Family businesses must introduce professional management to their companies if they want to expand and grow. However, the first step to professionalizing family business management is to prepare the company and guide it through a transition period.

Certain essential milestones have been generally accepted as bases for a company to evolve towards professionalism:

• Adequate formalized shareholders’ agreement, e.g., a family constitution

• Agreement on goals and objectives for the business as an investment, e.g., growth objectives, tolerable risk levels, returns expected, etc.

• Timely, accurate accounting information in a form that facilitates planning, operational decision-making and performance review, e.g., operating and capital budgets, regular key results reports , etc.

• Strong, coordinated middle management motivated by an incentive compensation plan that is geared to achieving performance goals.

It must be borne in mind that even prior to thinking of professionalizing a family business, families must first distinguish between business and family issues. Professional management can happen only if the organizational structure of the business firm is used to discuss and decide on purely business issues. The moment this same structure is used to discuss family issues, professionalism will be compromised and retarded.

Therefore, a Family Council as a forum for discussion of family issues is a necessary step to professionalizing the business. Corollary to this is the need for a Family Constitution which will embody the rules for running the Family Council.
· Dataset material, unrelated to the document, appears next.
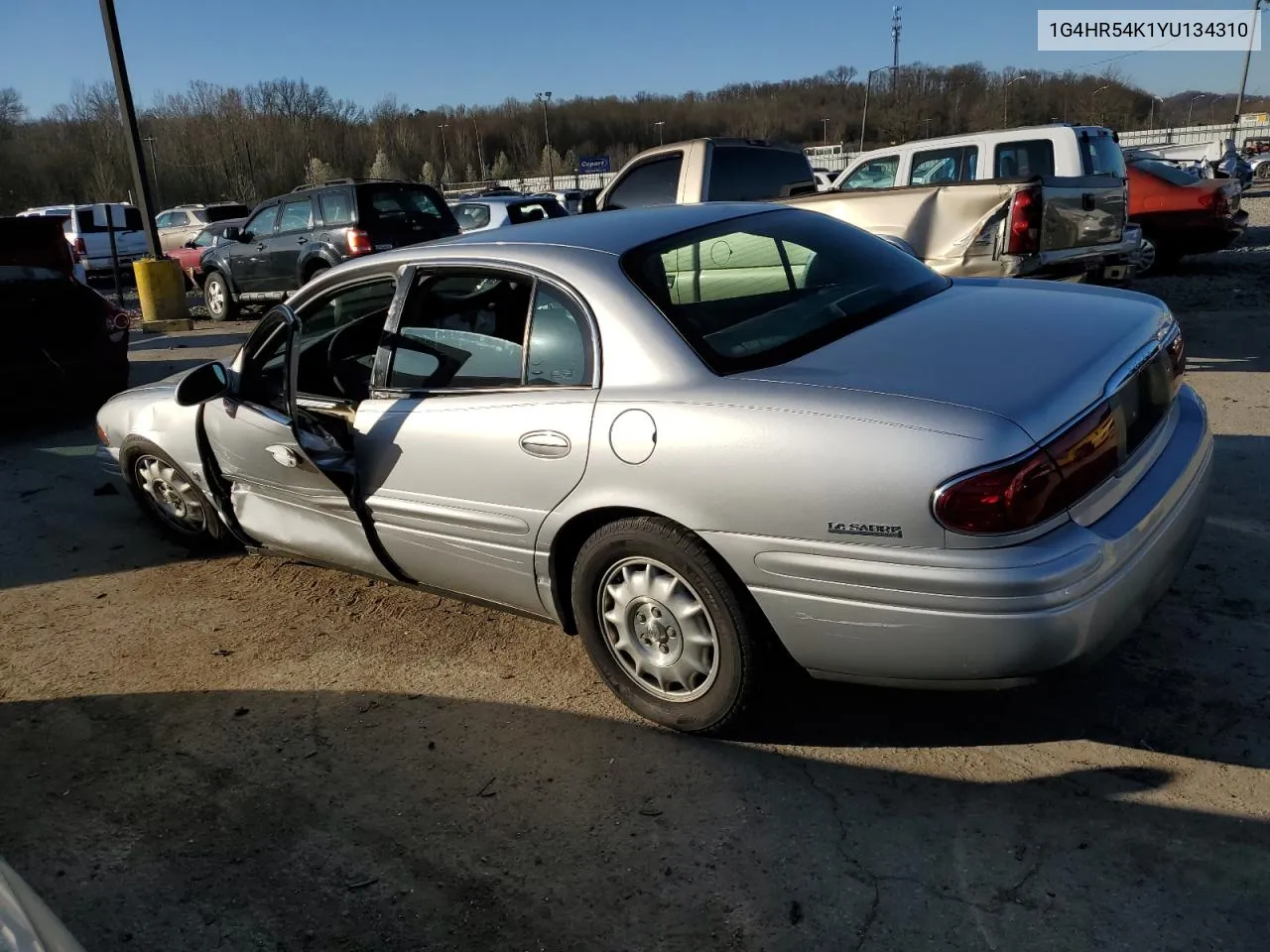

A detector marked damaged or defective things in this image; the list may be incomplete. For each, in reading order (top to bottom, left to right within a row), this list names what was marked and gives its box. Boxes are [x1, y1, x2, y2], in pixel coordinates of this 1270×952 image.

damaged rear door [200, 271, 404, 578]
Another prerequisite for the introduction of professional management is the acceptance of the principle of accountability by all managers, especially owner-managers. Essentially this means that all owner-managers must accept that they will be evaluated on the basis of the results of their performance. Their scope of authority and even their continuance in the business must be decided based on their performance alone. The notion that family members inherit the right to manage a family business is not comparable with the goal of professionalizing the management of the business.

In the article “Why You Should Have a Board” by Peter Davis, it says, “The directors serve to clarify the goals of the company, to articulate plans, to enhance communication among the owners, to build consensus for initiatives that might otherwise be contentious and divisive. The challenge for boards of family companies is not only to provide good corporate governance that is responsive to the needs of the company, but to recognize and deal with the pragmatic realities and idiosyncracies of the family owners.”

In today’s business environment, where all business firms must become globally competitive, the family business must realize that more and more it cannot survive without a real and functioning Board of Directors.

Once a Family Council is formed and a Family Constitution is written, then the family business is ready to be governed by a professional board even though it is still being managed by members of the family.

Owner-managers must be accountable to an individual or group for the consequences of their decisions. The ideal group for this function is a professional, active Board of Directors.

In most family businesses, the Board of Directors is a fictitious entity. The board minutes are often simply contrived documents written to satisfy the requirements of the Securities and Exchange Commission or the Bureau of Internal Revenue. Board resolutions are made whenever banks and other financial institutions require them and these resolutions are based on imaginary board meetings.

Families do not normally have a functioning Board of Directors. If the board is composed of only family members, then sessions are held informally since formal sessions are considered too bothersome and bureaucratic. If there are non-family members on the board, board meetings are rarely held, because family issues are considered taboo subjects not to be discussed in front of non-family members.

Even the so-called professional boards of family businesses serve mostly as an advisory board to the owners. They usually have little authority and seldom vote on major issues. They seldom fulfill the true function of a board, which is corporate governance.

Globalization and trade liberalization continue to change the competitive environment. In this environment, the owner-manager cannot continue shouldering total responsibility for the business. However, sharing this responsibility with a Board of Directors must also mean sharing authority with the board. This critical step of decentralizing authority as a transition to professionalizing the company is often the most difficult for an owner-manager to accept.

Family businesses go through a very difficult period of transition when they have gone beyond the founder’s direct influence but have not yet shifted to professional management. In the article by Donald Jonovic on “When to Start a Board of Directors,” it is observed that: “Some companies take longer to cross the threshold into professional management and size appears to have little to do with how quickly the transition occurs. Even large organizations can function for some time in this twilight zone.”
The reason for this is that typical entrepreneurs start out with tunnel vision, relying on dreams rather than rational analysis as a basis for decision-making. They rely on drive, adrenaline and persistence to remove all obstacles to their goals. An outside review by a board of directors by contrast is normally analytical, critical and questioning in nature. Obviously, this will be in clear conflict with the management style of entrepreneurs. To them, a board is a group of backseat drivers.

In the final analysis, the effectiveness of boards in family businesses is totally dependent on the desire of owner-managers to have competent persons on their boards and their willingness to accept the latter’s advice.